100% worth it to me. I love typescript. Working on large enterprise applications where one function calls other function and it goes 10+ layers deep I don't know how I would work without typescript. Just being able to see this function takes argument of type FOO and returns type BAR[] is incredibly valuable.
One thing I often tell people is that if a particular technology makes it easier to work with code that's 10 layers deep, it will also make it more likely that people will write code 10 layers deep where they would previously do 5 layers.
Yes! This is one reason I really like Go. I'm not exuberant about it the way some folks are, but amidst ambivalence about some aspects of it, this is one thing it really gets right. While it's hardly impossible, it's not that easy to write completely impenetrable code Go.
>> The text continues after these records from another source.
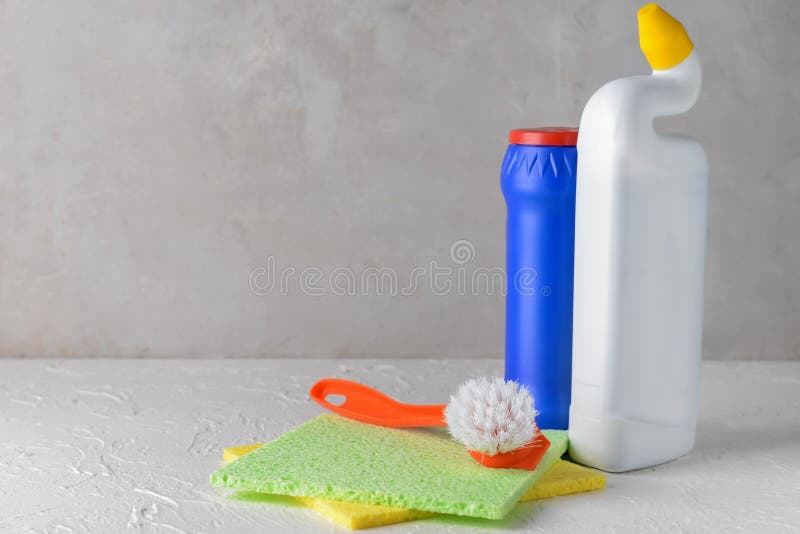 Cleaning Supplies on White Table Stock Photo Image of light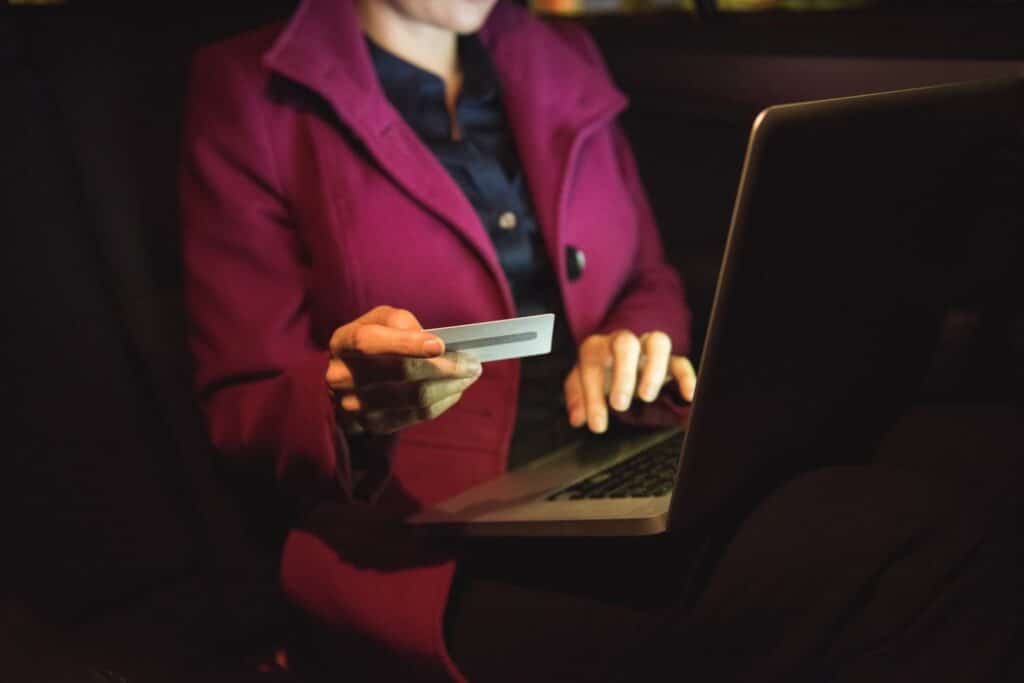 Lehrlingsportal.at Person in einem kastanienbraunen Mantel, die eine Kreditkarte in der Hand hält und einen Laptop benutzt, in einem Innenraum bei schwacher Beleuchtung sitzend.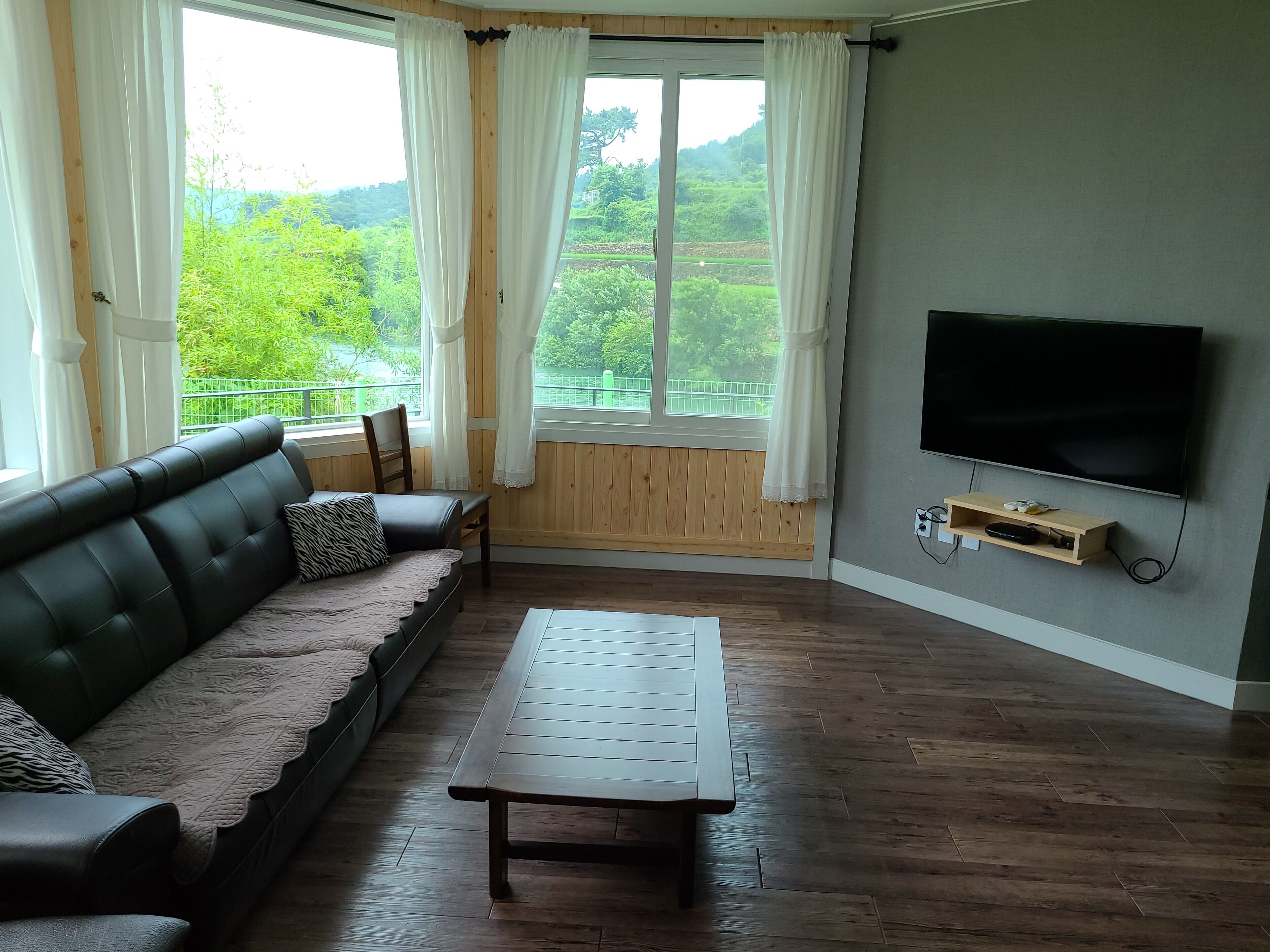 A living room with a black leather sofa, a wooden coffee table, and a TV mounted on the wall.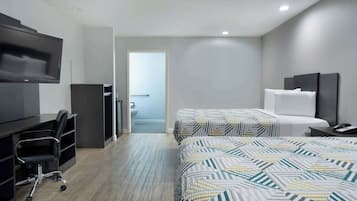 Ein Hotelzimmer mit Schreibtisch, Stuhl, zwei Betten und einem Fernseher.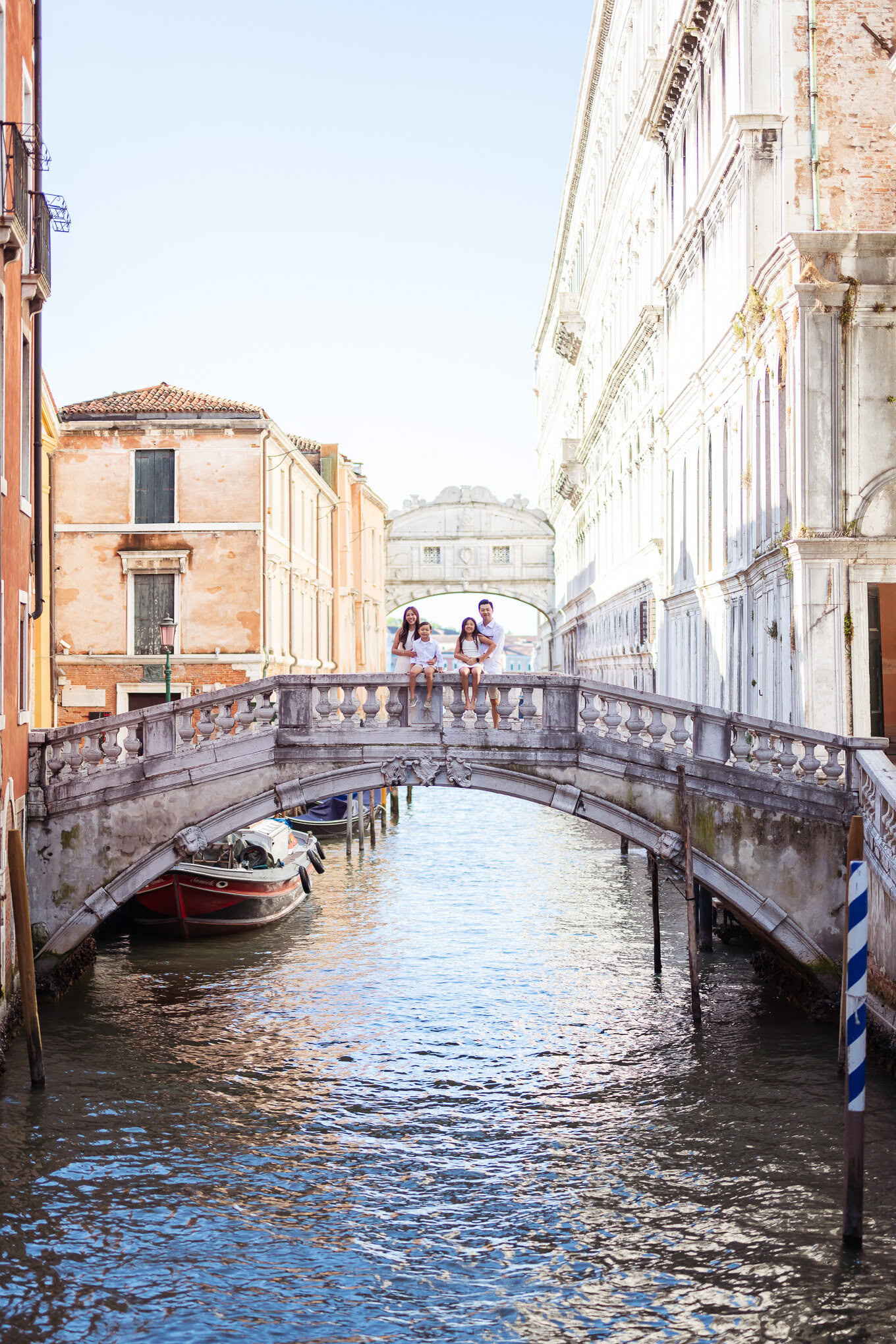 A family of four walking hand-in-hand across a small bridge over a canal in Venice, surrounded by historic buildings and.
Not in my experience. People will happily write 10 layers deep if you let them anyway. Technologies like Typescript make it easier for other people to untangle the mess.
As an example, what parameters does `manim.animation.creation.Create()` accept?
It was originally written without type hints. It looks like somebody has added them since I last used Manim (a couple of years ago) to make sense of the mess!
In my extensive experience code with static types is always easier to follow than dynamically typed code. There's no contest.
That's a lot of layers for a codebase... I see that it could be useful in that situation, but since you presumably need to test and QA your code anyway you could also throw in a console log statement.
There is also JSDoc.
Although these solutions might not be quite as nice, I'd wager they'd save quite a bit of headache and time.